Prof. Utsa Patnaik's novel 'drain theory'.

Utsa Patnaik is Professor Emeritus, Centre for Economic Studies and Planning, Jawaharlal Nehru University
In a recent newspaper article it writes-
How exactly did the British manage to diddle us and drain our wealth’? was the question that Basudev Chatterjee (later editor of a volume in the Towards Freedom project ) had posed to me 50 years ago when we were fellow-students abroad. After decades of research I find that using India’s commodity export surplus as the measure and applying an interest rate of 5%, the total drain from 1765 to 1938, compounded up to 2016, comes to £9.2 trillion; since $4.86 exchanged for £1 those days, this sum equals about $45 trillion.
Wonderful!

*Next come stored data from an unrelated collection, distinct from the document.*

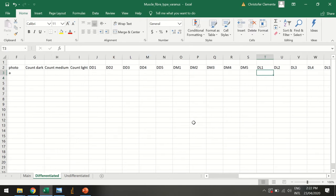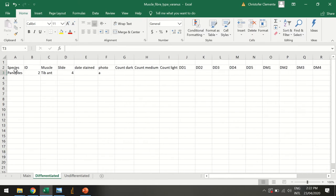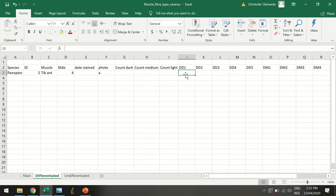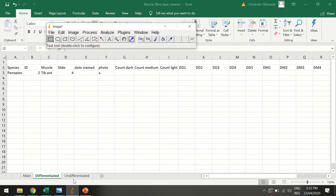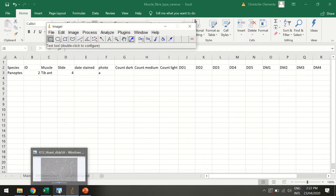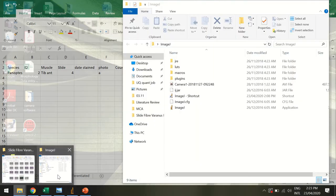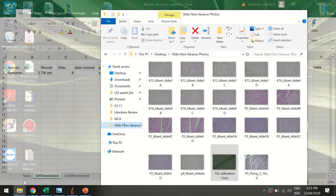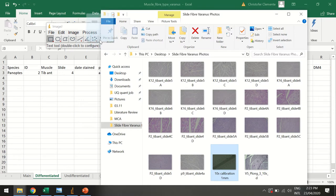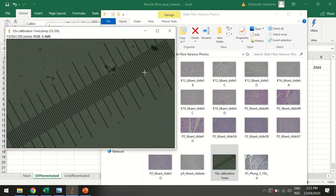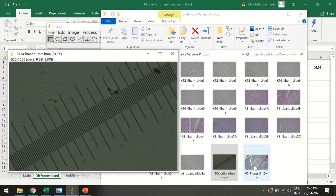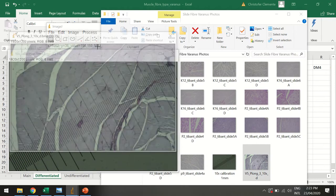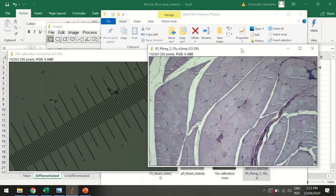So how do we get these diameters? Remember we've put in our species, our ID, the muscle, the slide. We've already counted these and now we want to get to our diameters. We're going to open up ImageJ. ImageJ, remember, it's downloadable and I want to open up my files in ImageJ. The first one I'm going to open up is this calibration file, so I'm going to drag and drop that. You can see there's my calibration file, and then I'm going to open up the file of interest.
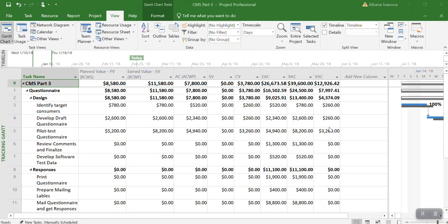Note that Microsoft Project includes the cost resources within the earned value, this one here, and does not include the value of the cost resources in its calculation for the planned value.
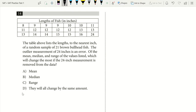Question 14. A table lists lengths of 21 brown bullhead fish. Which will change most if the outlier measurement of 24 inches is removed? Right away I focus on range because 24 is the maximum. Our range is 8 to 24. If we remove 24, the maximum drops to 16 — a drop of 8. The mean and median won't change much with enough data. So the answer is range.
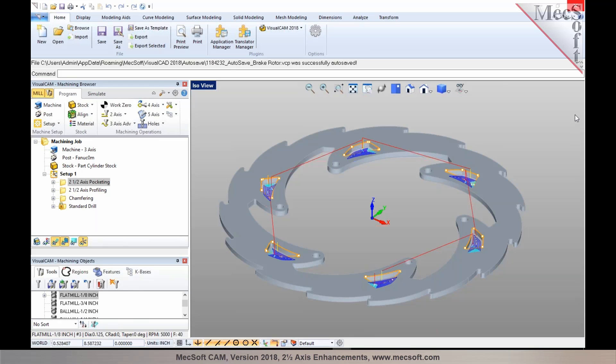One of the enhancements I'm going to cover here is enhancements to chamfer operations that are added to the 2018 release.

World GDP was about one trillion when the Raj began and about 4 trillion by 1919 which was when Britain stopped making much of a profit and were breaking even in what is now India.

This Professor is telling us that the British managed to drain India of twenty times more wealth than the entire world was capable of yielding (because of Technological progress, Wealth is now a higher multiple of Income).

How did they manage it? The answer must be that India was not part of this World. It existed in a parallel dimension. Moreover, Britain did not exist entirely in this Universe. So faery Britain drained faery India of faery gold. At least, according to the sort of Economics they teach at JNU.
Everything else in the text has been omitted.